Material for this exercise START

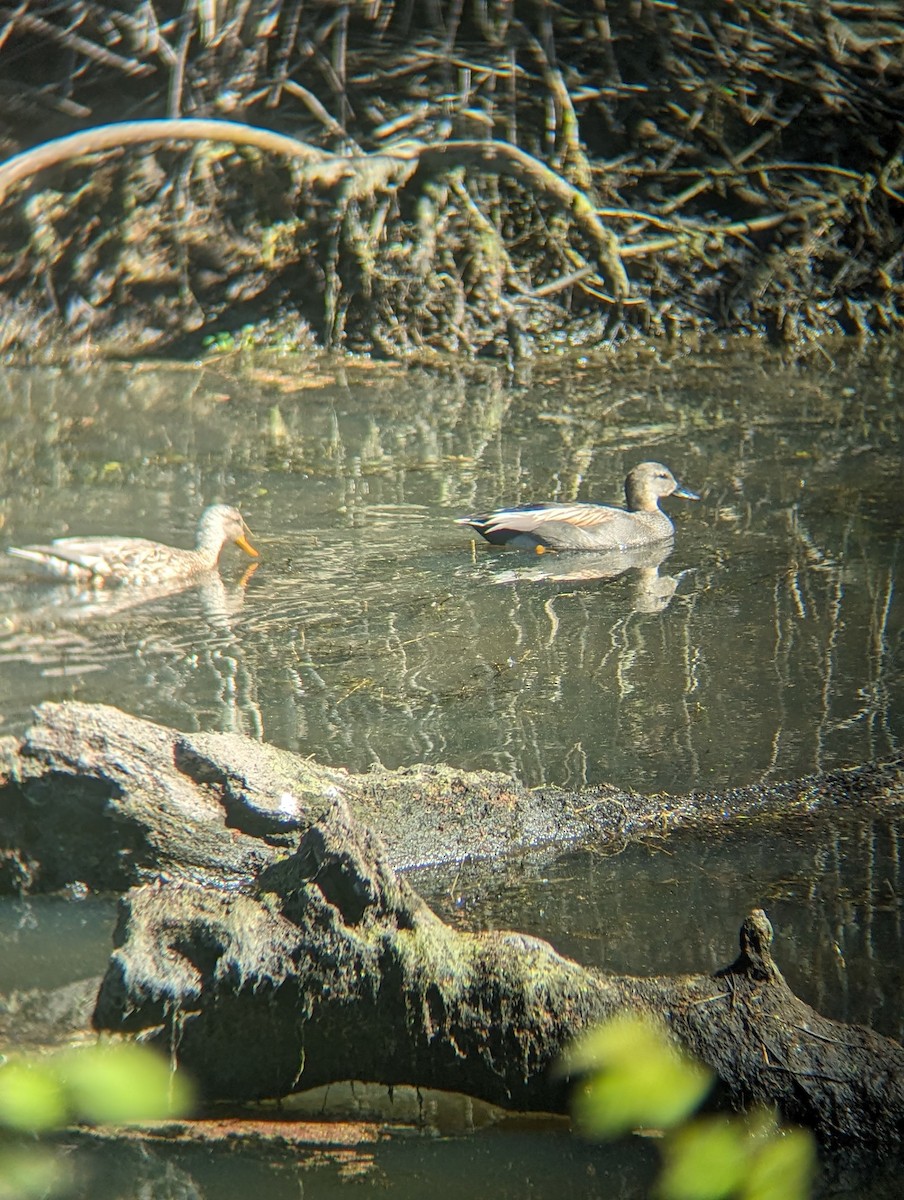 Gadwall - ML616751892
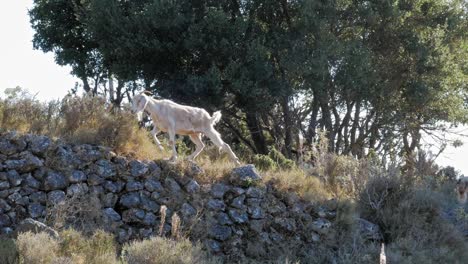 Goat-Walking-On-Rocks-In-Rural-Landscape---wide-shot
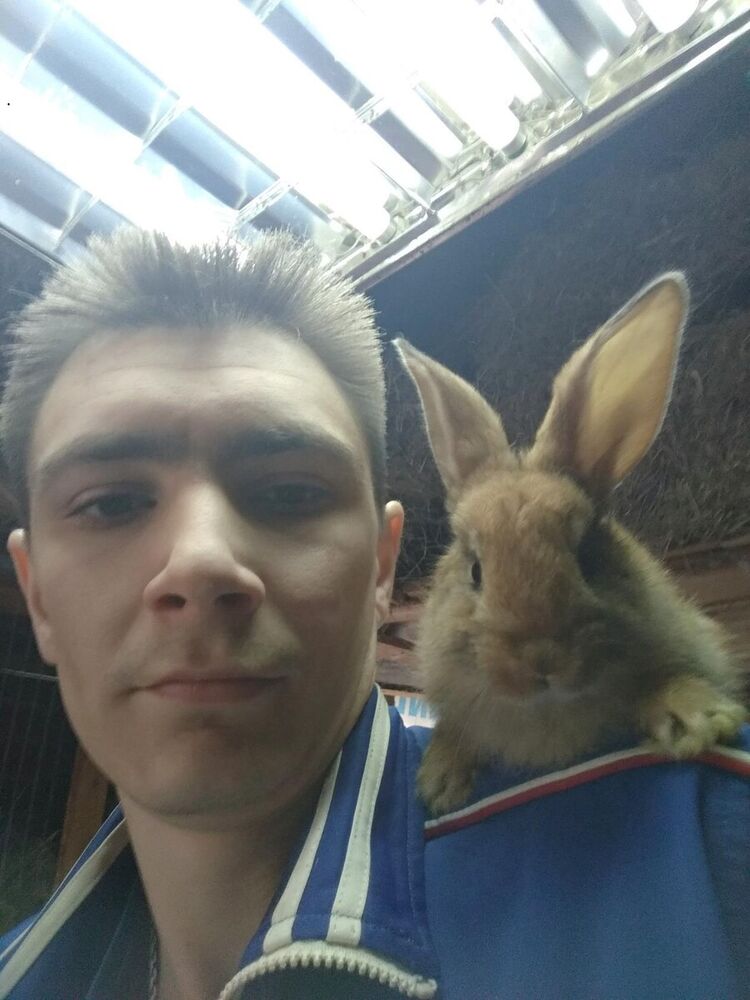 ���������� �����������, ���� ������� ��������, 37 ���, ������������ ��� ������, ����� � ���������, c�������� ���������, ���������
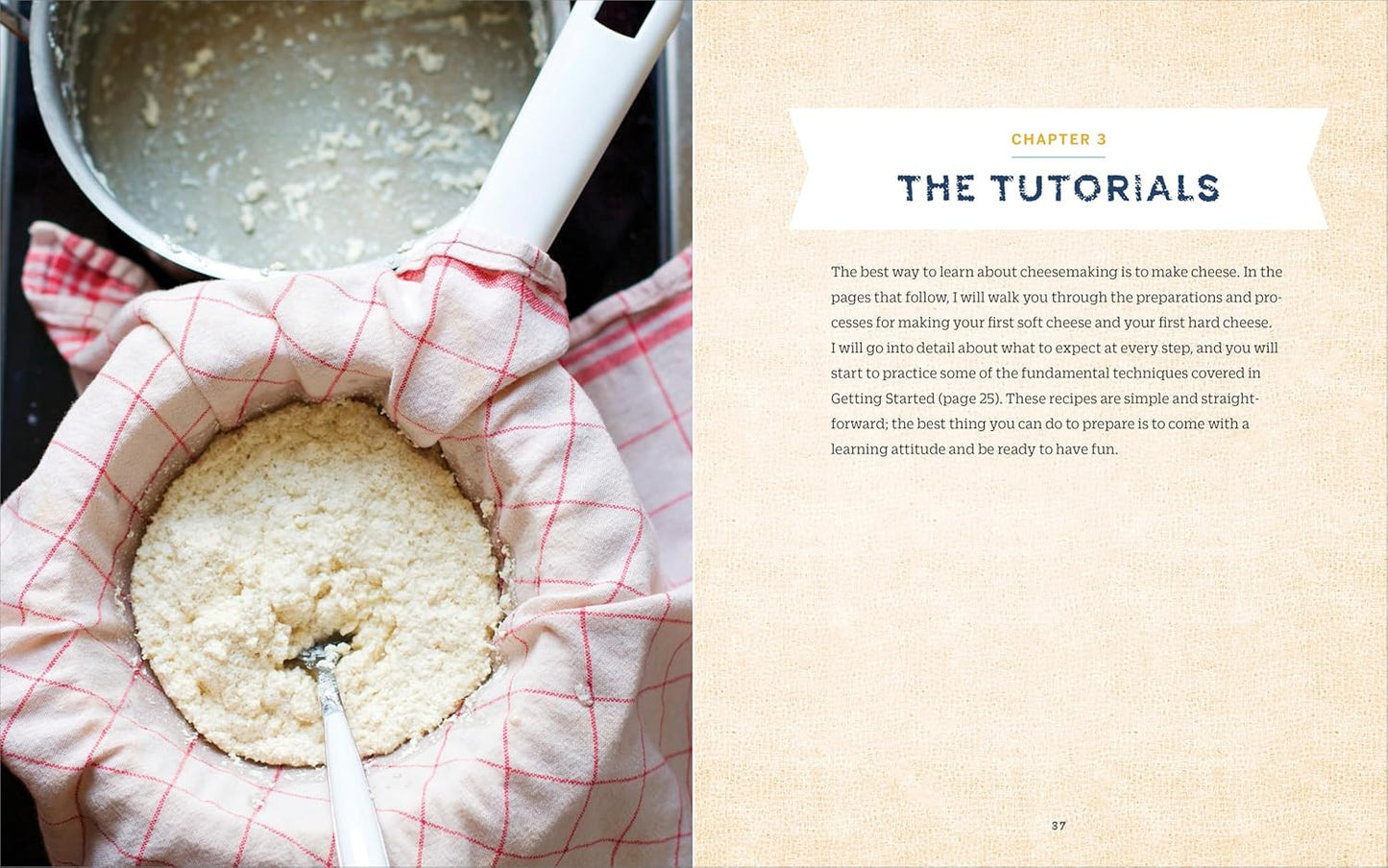 The Beginner'S Guide to Cheese Making: Easy Recipes and Lessons to Make Your Own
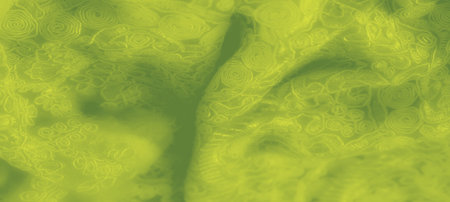 Blur effect on intricate green fabric with swirling, embroidered patterns, creating a vibrant...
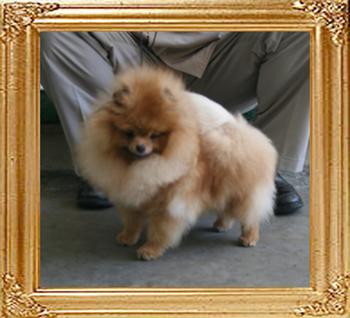 Canton_Dreamin_of_Rose_4.6lbs_1yr_9mo_47618.jpg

Material for this exercise END

### [Exercise details]
Exactly as written, repeat the lines from the beginning of the entries up to and including the line with "The Beginner'S Guide", but not the pictures.

### [Exercise solution]
 Gadwall - ML616751892
 Goat-Walking-On-Rocks-In-Rural-Landscape---wide-shot
 ���������� �����������, ���� ������� ��������, 37 ���, ������������ ��� ������, ����� � ���������, c�������� ���������, ���������
 The Beginner'S Guide to Cheese Making: Easy Recipes and Lessons to Make Your Own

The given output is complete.